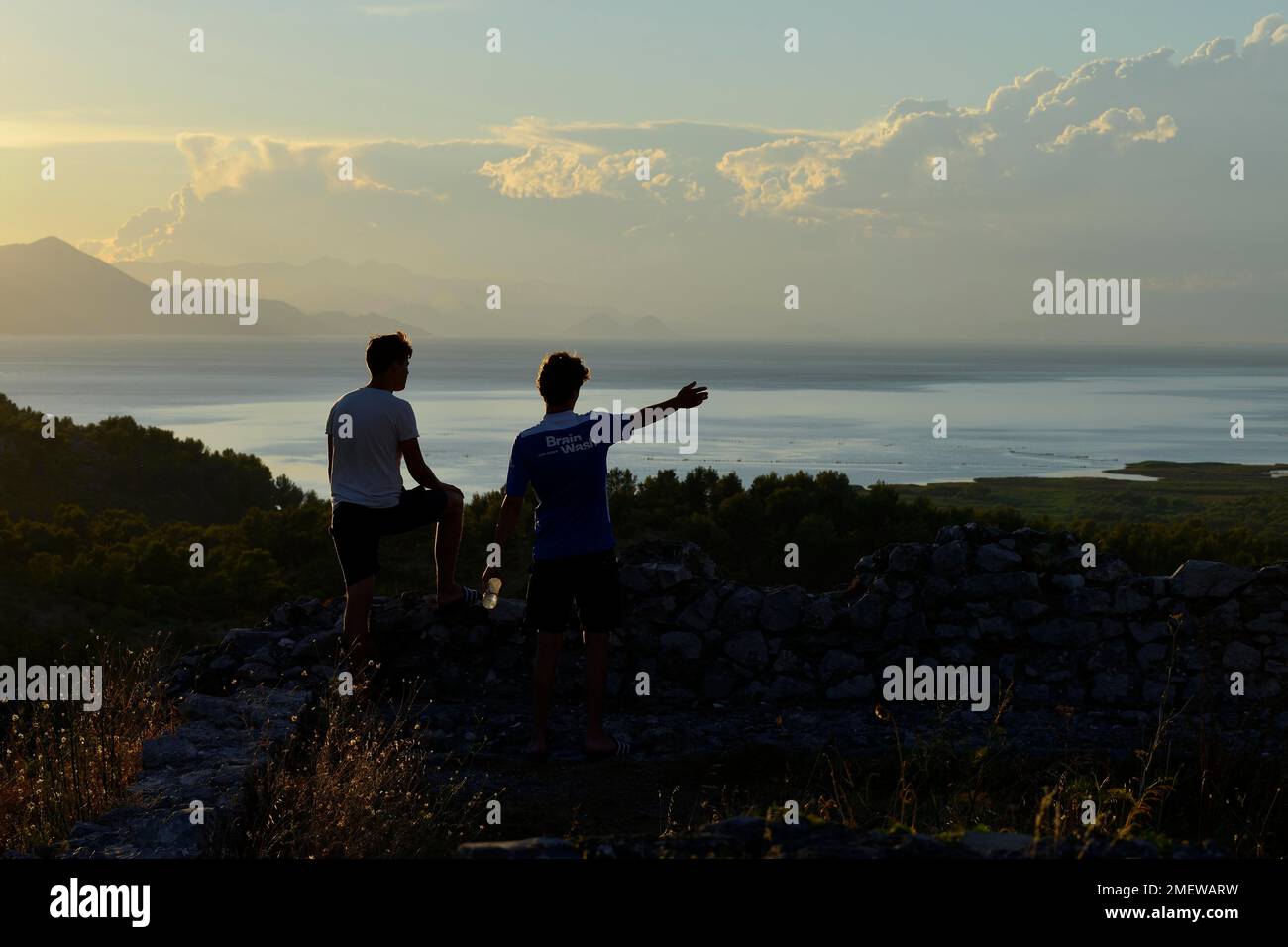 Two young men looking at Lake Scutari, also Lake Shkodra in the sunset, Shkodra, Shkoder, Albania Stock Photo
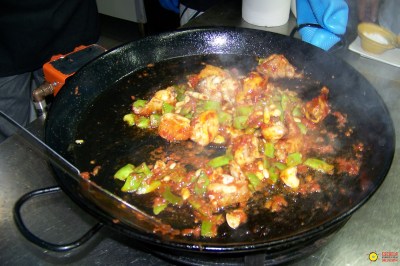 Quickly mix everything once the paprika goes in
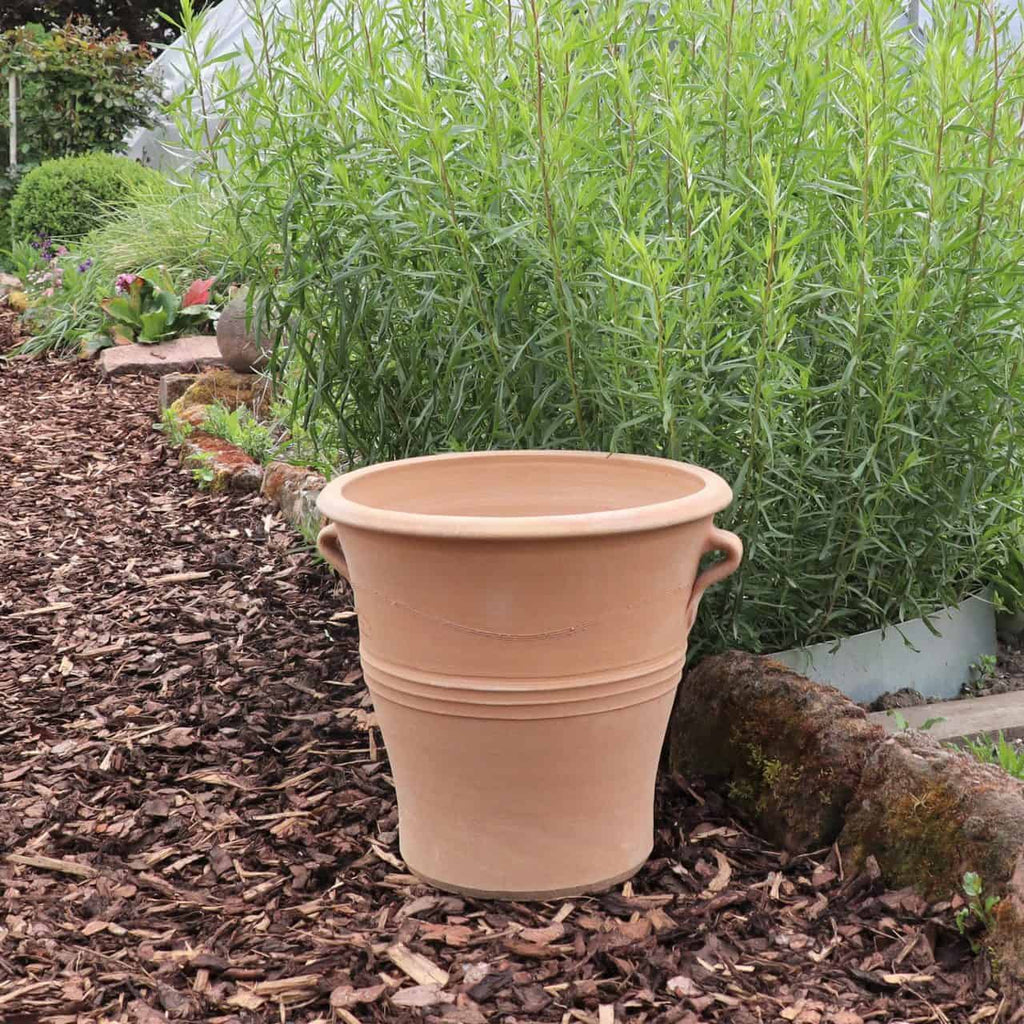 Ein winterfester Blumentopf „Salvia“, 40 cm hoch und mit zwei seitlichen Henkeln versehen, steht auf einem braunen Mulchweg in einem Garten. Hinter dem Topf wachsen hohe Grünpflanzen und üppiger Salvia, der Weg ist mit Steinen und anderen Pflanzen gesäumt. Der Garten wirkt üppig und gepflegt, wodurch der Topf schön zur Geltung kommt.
* * *
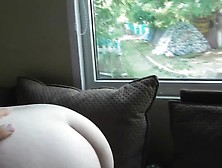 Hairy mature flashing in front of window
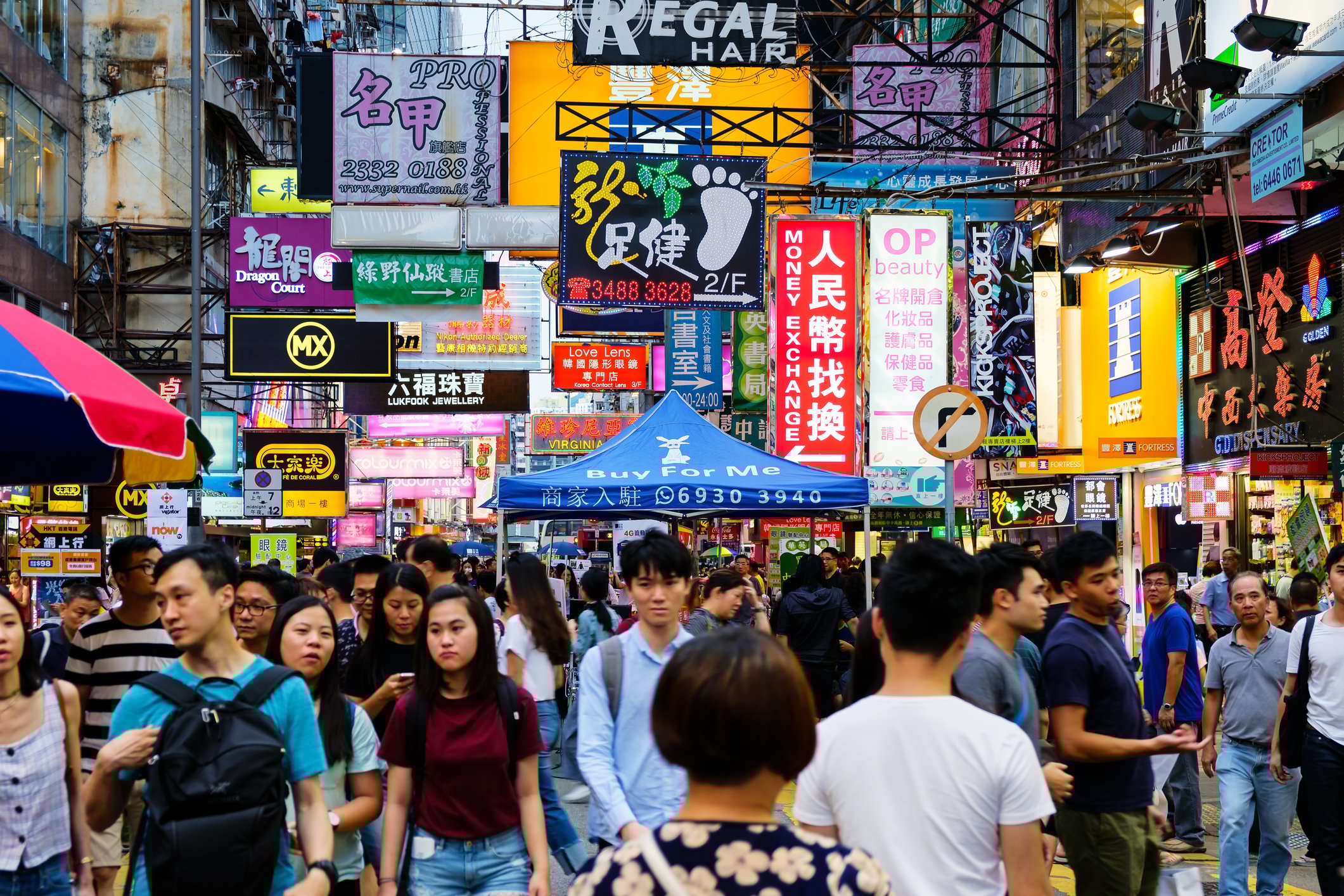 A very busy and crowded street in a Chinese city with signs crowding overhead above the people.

Exercise description. Using the listing above, repeat word for word each line from the one with "Quickly mix everything" down to the one with "Ein winterfester Blumentopf", both included. Omit all pictures.

Exercise solution.
 Quickly mix everything once the paprika goes in
 Ein winterfester Blumentopf „Salvia“, 40 cm hoch und mit zwei seitlichen Henkeln versehen, steht auf einem braunen Mulchweg in einem Garten. Hinter dem Topf wachsen hohe Grünpflanzen und üppiger Salvia, der Weg ist mit Steinen und anderen Pflanzen gesäumt. Der Garten wirkt üppig und gepflegt, wodurch der Topf schön zur Geltung kommt.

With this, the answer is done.